I would first like to give a special thanks to John Mckeown and Nick Masiuk, both of whom provided major contributions to the work described below.

For those that know SCOM, it isn’t necessarily the fastest application out there, particularly with console performance.  Troubleshooting that can be painful, though it can typically be traced to adding some additional resources at some place in the environment.  Needless to say, group calculation is not the first thing one thinks of.  That said, in this case, we were working on some rather perplexing performance issues that simply could not be explained away by adding more RAM or using faster disks, as these properties were already well above Microsoft’s recommendations.

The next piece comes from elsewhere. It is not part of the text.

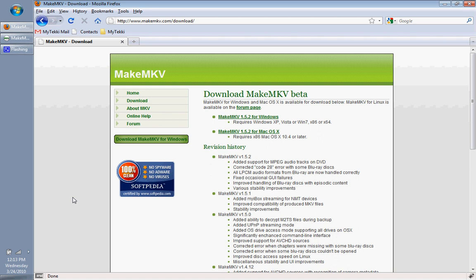MakeMKV is a new program that allows you to take your DVD content and your Blu-ray content and put it in your drive and rip it to an MKV file.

Over the course of troubleshooting, we used the following script. What it effectively does is query a few SQL dynamic views for its most intensive transactions so you can see what types of transactions are taking up the majority of your time.  Before you take this and start using it, there are a few things worth noting:

  1. This is a bit expensive script in terms of resources. We did this testing mainly against development environments. It will work in a production environment, but if you can do your tests in a non-production environment, this would be better.
  2. There are some configurable parameters in blue. The DB name is strait forward, but this is only grabbing the last 10 minutes worth of transactions and only looking for transactions that run 2 or more time. These are configurable by editing the values accordingly.
  3. I’m not quite sure how this grabs data from SQL, but there does seem to be a lag between when a transaction is done and when it starts showing in the dynamic views we are querying.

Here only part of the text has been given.